"Licor 43" por Álvaro Alonso
En cada conversación en la que sale el tema del alcohol, la bebida o las fiestas, algún amigo no desaprovecha la ocasión para meterme el zarpazo reglamentario por beber Licor 43. Otros van más allá y me recriminan que mi mezcla para el cubateo sea la Coca Cola y no cacaolat. A partir de esta crítica ya comienzan las difamaciones correspondientes a mí y a mi bebida por excelencia. Que para beber eso tómate un caramelo o un sugus.

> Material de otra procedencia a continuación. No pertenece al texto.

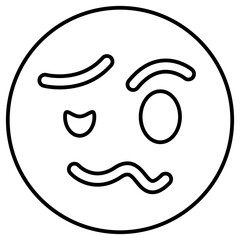 weird emoji
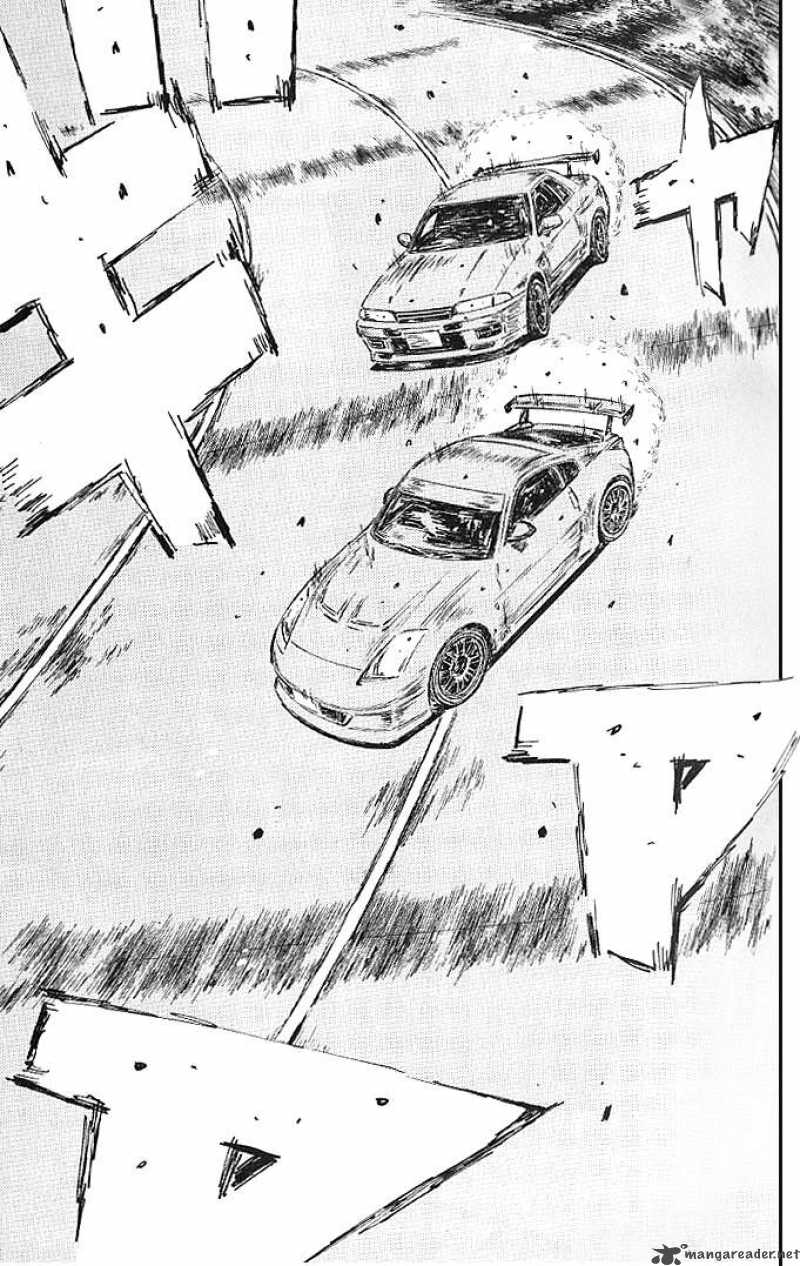 Initial D 545 1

Los que no me han visto, no me imaginen como un borrachuzo por escribir sobre alcohol en este blog. De hecho, seré de los que con mi edad menos lo hace. Todo empezó como la mayoría de las cosas de mi vida, en el verano pueblerino reglamentario. Cuando se finiquita el instituto con ese ritual pseudoapostólico llamado selectividad, a los susodichos nos domina una sensación libertaria que adaptado al lenguaje sería algo así como: "hemos venido a jugar, dale". Bien es cierto que posteriormente acecha un velociraptor dispuesto a desmenuzar cada parte de nuestro cuerpo y que responde al nombre de universidad. Pero en esa etapa fronteriza nada importa, no hay nada más allá mientras el raptor esté escondido. Tan sólo importa el desahogo que sigue al hecho de terminar el enésimo round de las palizas educativas.

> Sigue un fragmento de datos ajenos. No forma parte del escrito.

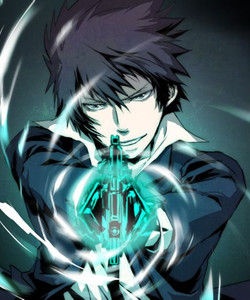 《心理測量者》 《心理測量者》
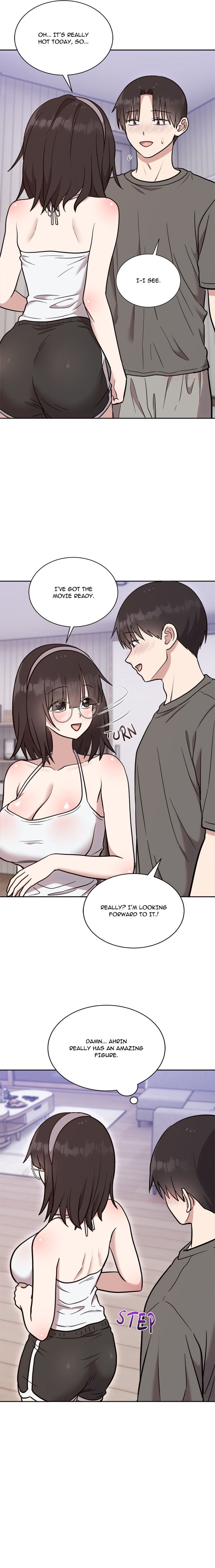 Knot My Secret Uncensored, chapter 19, page 18 of 21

Ese verano lo considero el mejor de mi vida, por todas las circunstancias, conocí a gente fantástica y de mayor importancia que la que hasta ese momento tuve. Esta frontera estudiantil trajo consigo mucho más, entre lo cual fueron las primeras cogorzas.
Decidimos ser sibaritas en un principio, porque no, hemos venido a jugar decíamos, y a probar de todo. He de reconocer que fue una decisión inteligente, porque tras pasar por diferentes bebidas cada fin de semana, tanto en este verano fronterizo como en los siguientes, llegado el momento, cada uno de nosotros sabía cuál era la nuestra. Mis fieles compañeros (un frikazo que vomita vocabulario de rapero diría hermanos) se decidieron por Ronco o cerveza, que sosos, yo me decanté por el licor ibérico más sexy, el 43.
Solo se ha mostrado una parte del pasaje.